Use projections
Overview
A projection is an additional hidden table that stores data from a source table in an alternative form to be optimal for executing some type of queries. A projection can store data rows sorted in a different order than the source table (and therefore have a different primary index) or pre-compute aggregate values across columns of the source table. So, this feature can be useful to optimize:
-
queries with filters on source table columns that are not part of a primary key;
-
queries that aggregate values of source table columns (data pre-aggregation performed by projections can reduce the consumption of both computing and I/O resources).
Projections are supported only for tables of the MergeTree family (including Replicated*). A table can have one or more projections — all of them will be automatically synchronized with the source table, i.e. updated each time new data is inserted into the source table.
Projections are similar to materialized views (which also allow pre-computing aggregations and using different row orders on data from another table), but they are defined at the level of data parts — for each data part, a projection of data in that part is created based on the projection query. This guarantees that projection data is consistent with the source table data and that ADQM can automatically choose and apply the most optimal projections when executing queries provided by users (a projection is considered optimal if it returns the correct result for a query with the least data to be scanned).
Unlike materialized views, projections do not require manual creation of separate additional tables with different structures, which you need to keep in mind and each time when building a query, you need to choose which table to send it to in order to ensure the high speed of the query execution. With projections, it is enough to send all queries to the source table — ADQM itself will determine whether the table has a projection that can speed up the query execution, and if such projection exists, it will redirect the query to it.
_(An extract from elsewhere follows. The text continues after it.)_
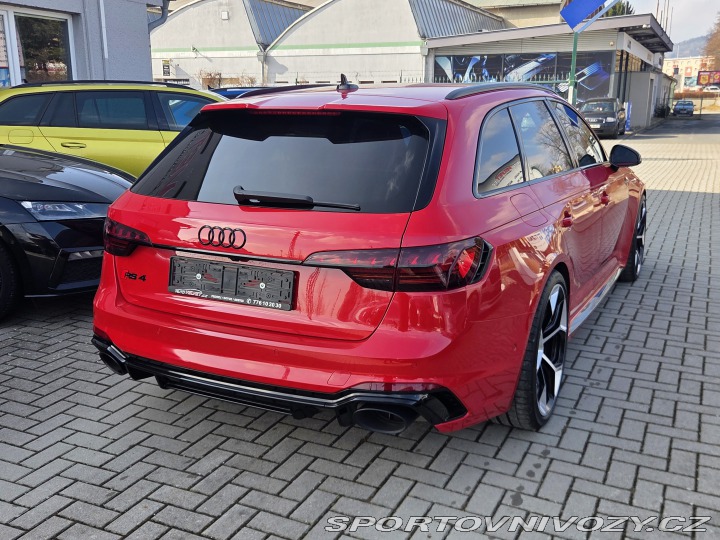 Audi RS4 COMPETITION 2024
In other words, a user does not need to know anything about projections.
CAUTION
As each projection creates a new hidden table (projection files are stored in the <projection_name>.proj subdirectories within directories of the source MergeTree table’s data parts), it may require more I/O resources and disk space. For example, if a projection is created to define an alternate sorting key, all data from the source table will be duplicated in the projection. |
Manage projections
Create/delete projections
You can specify a projection when creating a MergeTree table in the section with column descriptions using the PROJECTION
clause. The basic syntax for creating a table with a projection is:
CREATE TABLE <table_name>
( <column1> ...,
<column2> ...,
...
PROJECTION <projection_name> (SELECT <column_list> [ORDER BY <sorting_key>] [GROUP BY <grouping_key>])
)
ENGINE = MergeTree()
...;
After a projection name, there is a projection query (in parentheses), which specifies how data from the source table should be transformed for storing in the projection table. A projection query can include one of the following clauses:
-
ORDER BY
— key by which data rows will be sorted, and a primary key will be set in the projection; -
GROUP BY
— key by which a source table data will be grouped for aggregation in the projection. In this case, a hidden projection table is based on the AggregatingMergeTree engine, and all aggregate functions are converted to AggregateFunction.
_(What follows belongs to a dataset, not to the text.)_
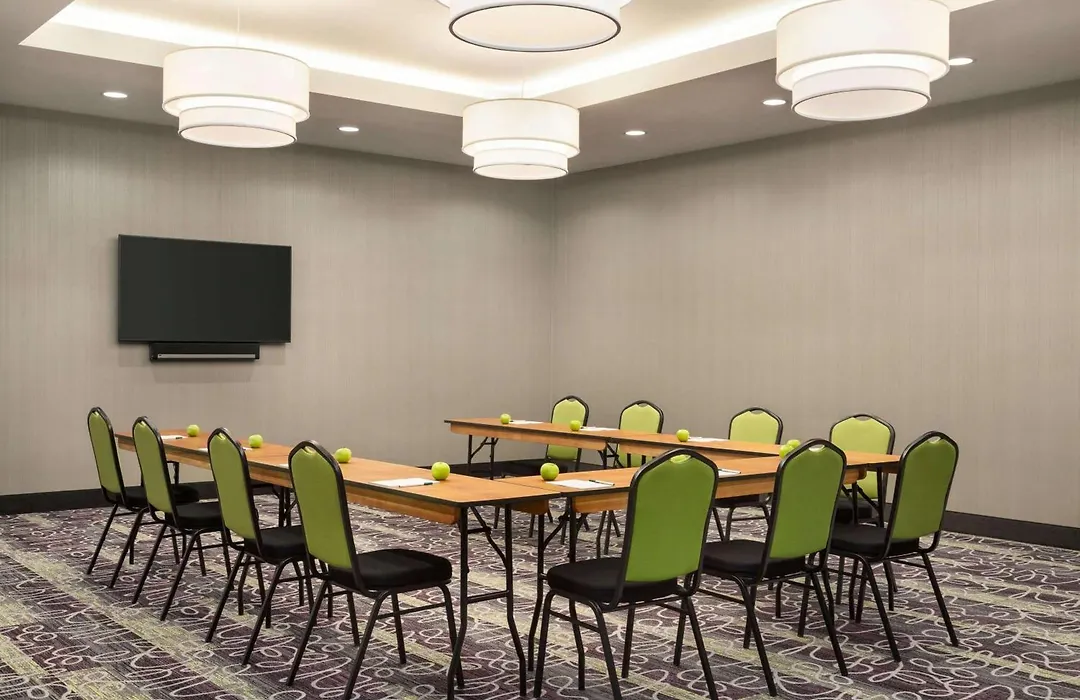 La Quinta Inn & Suites By Wyndham Burlington-1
To manage projections of existing tables, you can use the ALTER TABLE
queries listed below.
-
Add a projection to an existing table:
ALTER TABLE [<db_name.]<table_name> [ON CLUSTER <cluster_name>] ADD PROJECTION [IF NOT EXISTS] <projection_name> (SELECT <column_list> [ORDER BY <sorting_key>] [GROUP BY <grouping_key>]);
This query adds a projection description to a MergeTree table metadata, but does not populate the projection with data (it will be rebuilt when new data is inserted into the source table or when materialized).
-
Materialize a projection to fill it with existing data of the source table (you can select an individual partition):
ALTER TABLE [<db_name.]<table_name> [ON CLUSTER <cluster_name>] MATERIALIZE PROJECTION [IF EXISTS] <projection_name> [IN PARTITION <partition_name>];
-
Delete projection files from the disk without removing projection description from the source table’s metadata (you can select an individual partition):
ALTER TABLE [<db_name.]<table_name> [ON CLUSTER <cluster_name>] CLEAR PROJECTION [IF EXISTS] <projection_name> [IN PARTITION <partition_name>];
-
Delete a projection description from the source table metadata and remove the projection files from the disk:
ALTER TABLE [<db_name.]<table_name> [ON CLUSTER <cluster_name>] DROP PROJECTION [IF EXISTS] <partition_name>;
The ADD PROJECTION
, CLEAR PROJECTION
, and DROP PROJECTION
commands are lightweight because they only change metadata or delete files.
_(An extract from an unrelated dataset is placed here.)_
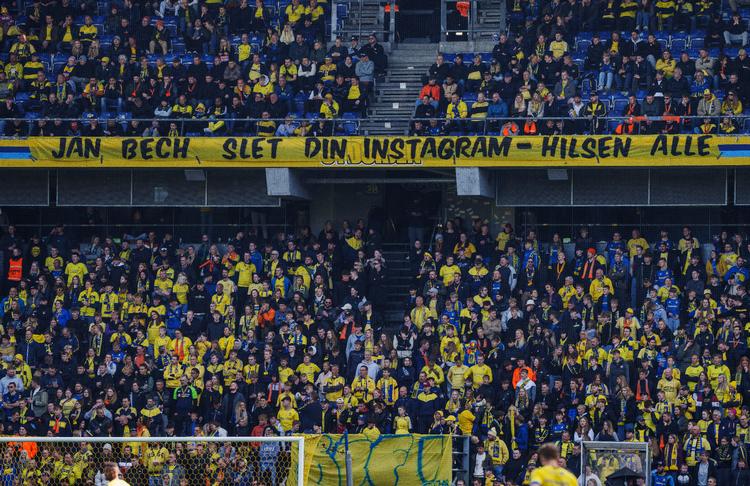 Brøndby-fans sendte en hilsen til bestyrelsesformand Jan Bech Andersen, da hans profeti om en snarlig værdiaftale mellem fans og ledelse var faldet til jorden. Foto: Liselotte Sabroe/Ritzau Scanpix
Settings to enable projections
To tell ADQM whether it should use projections when executing queries, configure the following parameters (at the session level):
-
optimize_use_projections
— enables/disables automatic optimization ofSELECT
queries with projections (the default value is1
, meaning the projection optimization is enabled); -
force_optimize_projection
— enables/disables the obligatory use of projections for executingSELECT
queries if the optimization via projections is enabled by theoptimize_use_projections
setting (the default value is0
).
View information on projections
You can obtain information about projections from system tables:
-
system.projection_parts
— information about currently existing data parts for projections of all MergeTree tables in a cluster (information about the corresponding data parts of the source table is stored in columns prefixed withparent_
); -
system.projection_parts_columns
— information about columns of all currently existing projection data parts of all MergeTree tables.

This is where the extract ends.